───── Supplied information

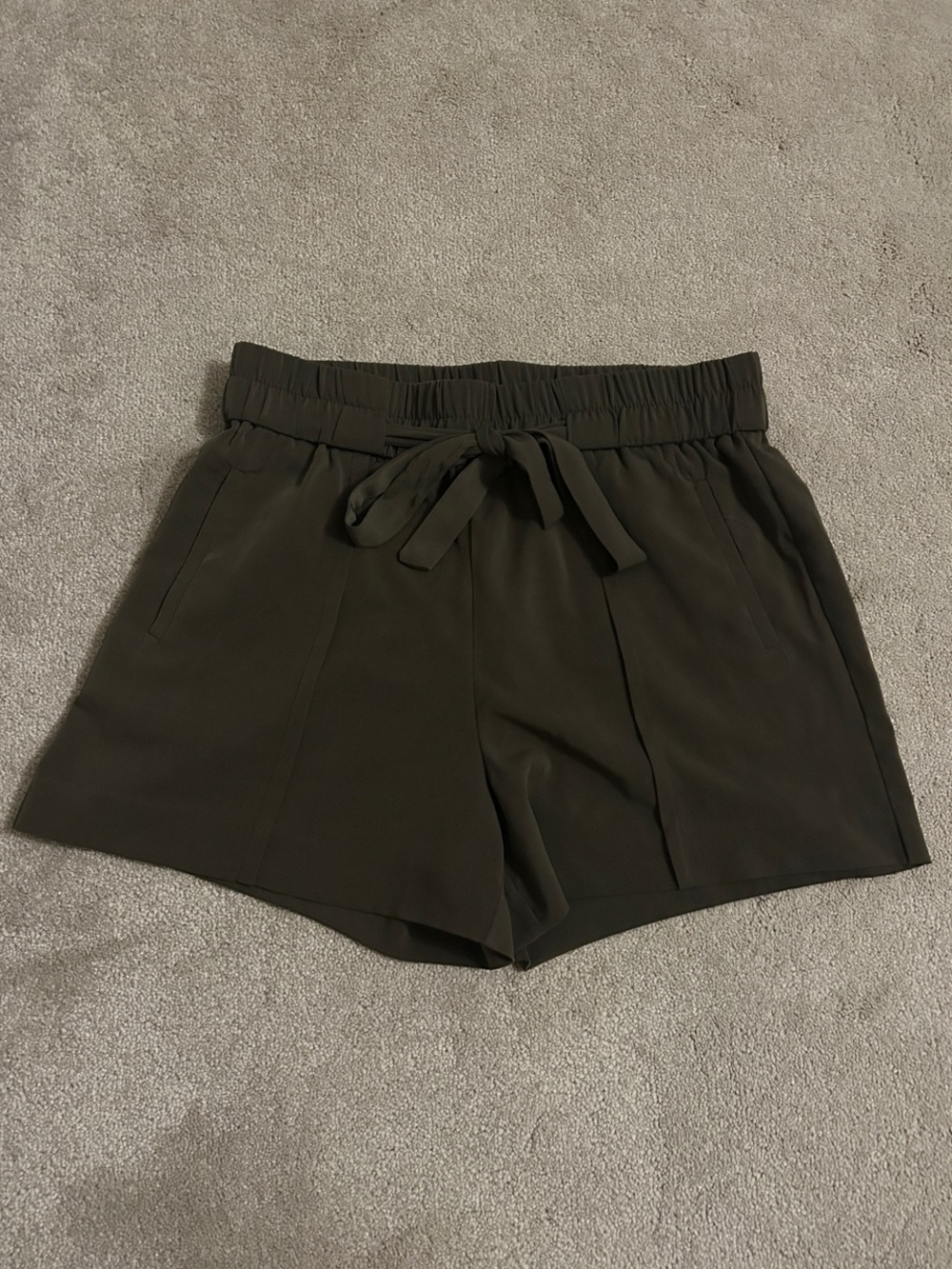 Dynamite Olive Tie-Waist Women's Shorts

──────────
───── Supplied information

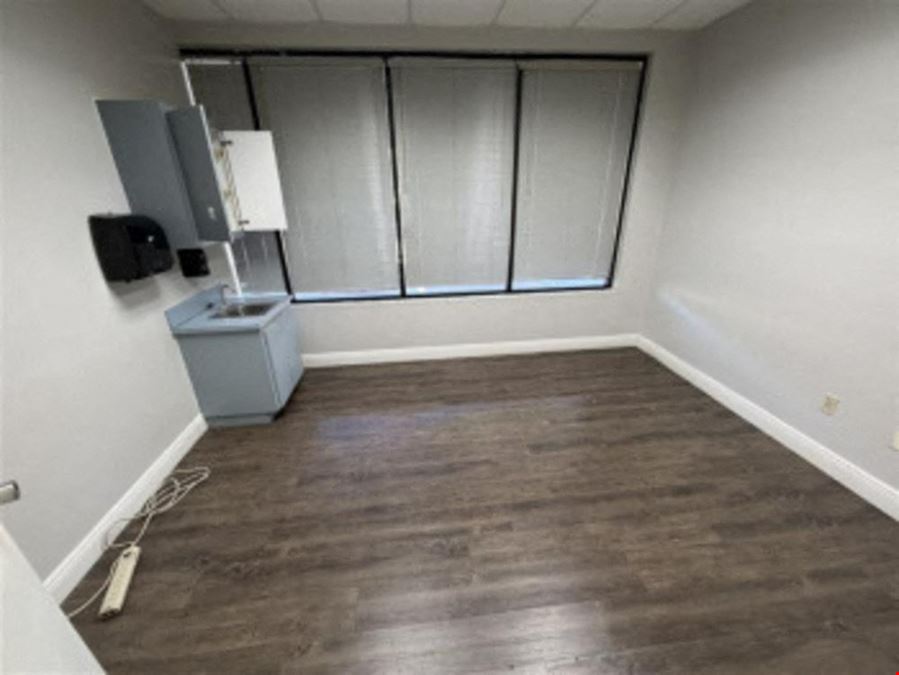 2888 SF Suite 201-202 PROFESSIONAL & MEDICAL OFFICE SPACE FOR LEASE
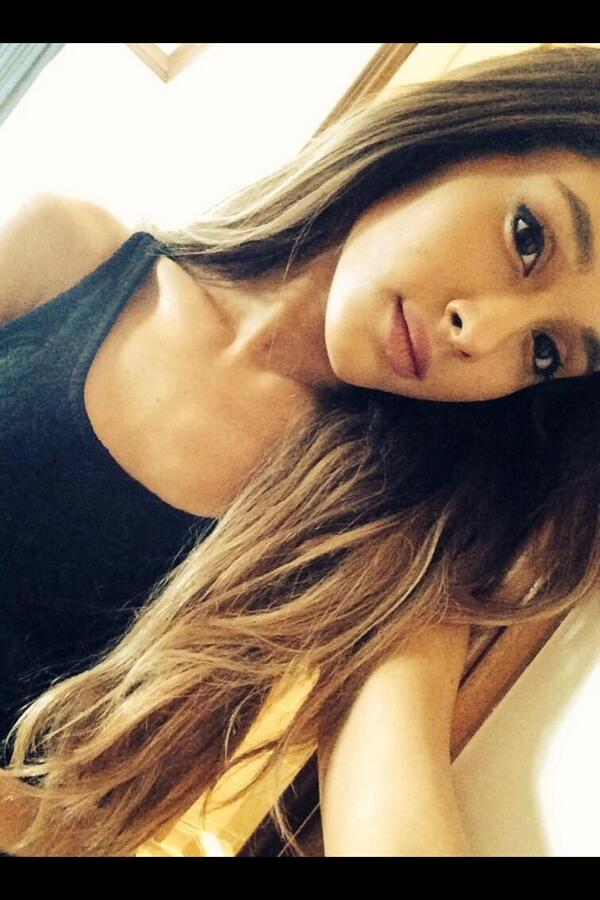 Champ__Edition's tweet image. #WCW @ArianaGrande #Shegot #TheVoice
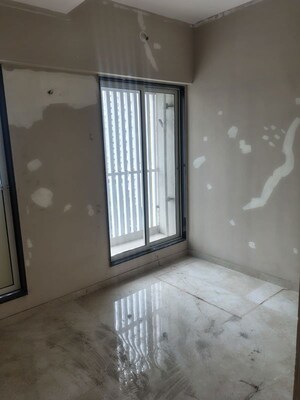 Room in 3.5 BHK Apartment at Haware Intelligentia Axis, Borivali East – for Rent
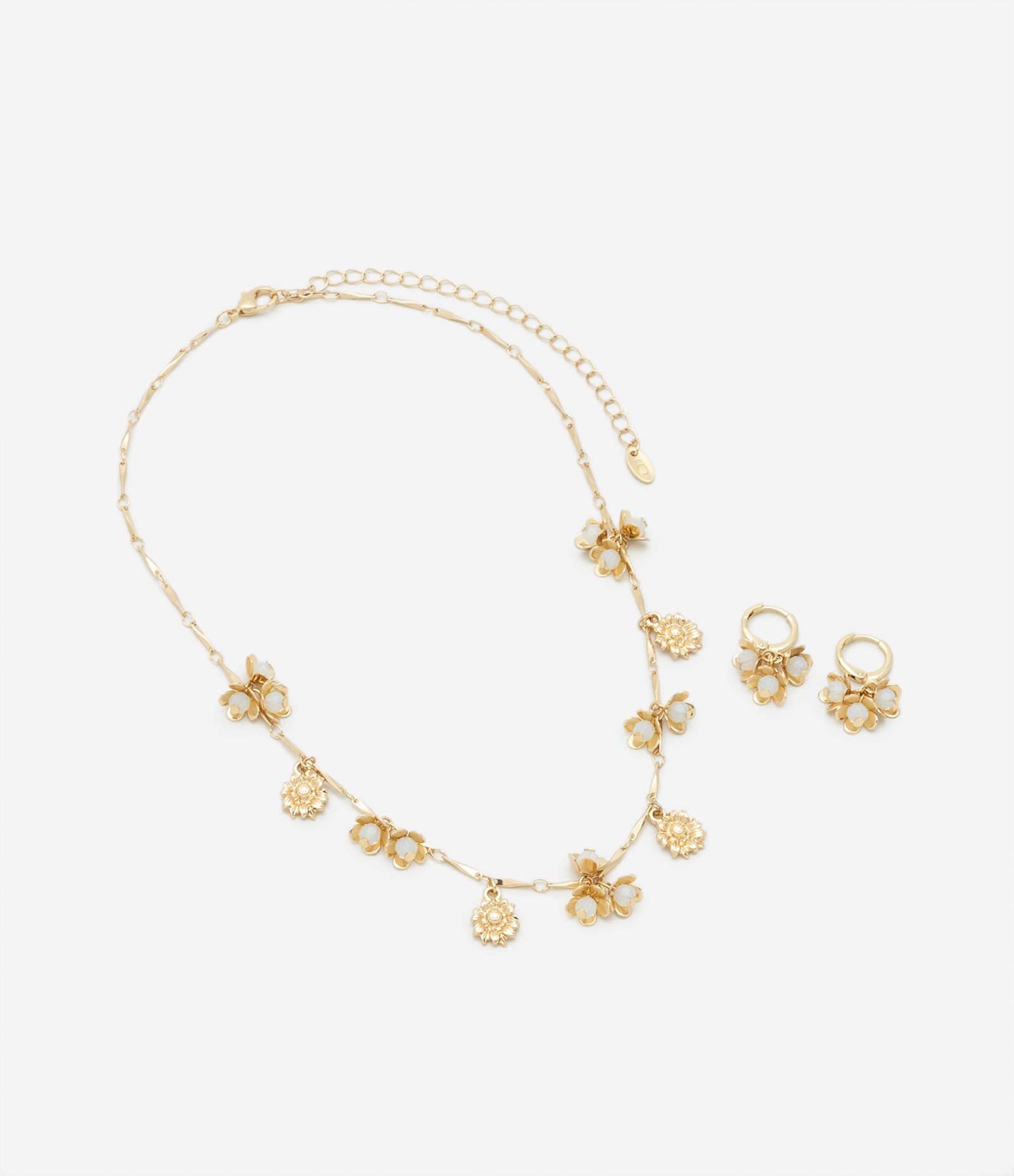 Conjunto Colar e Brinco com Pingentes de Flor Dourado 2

──────────
───── Supplied information

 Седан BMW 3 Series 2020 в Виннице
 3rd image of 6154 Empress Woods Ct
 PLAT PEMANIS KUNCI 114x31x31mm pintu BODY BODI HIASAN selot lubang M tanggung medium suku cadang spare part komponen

──────────

Would you retype exactly the lines above, from the line with "3rd image of 6154 Empress Woods Ct" to the line with "PLAT PEMANIS KUNCI", with both end lines kept and nothing more?

 3rd image of 6154 Empress Woods Ct
 PLAT PEMANIS KUNCI 114x31x31mm pintu BODY BODI HIASAN selot lubang M tanggung medium suku cadang spare part komponen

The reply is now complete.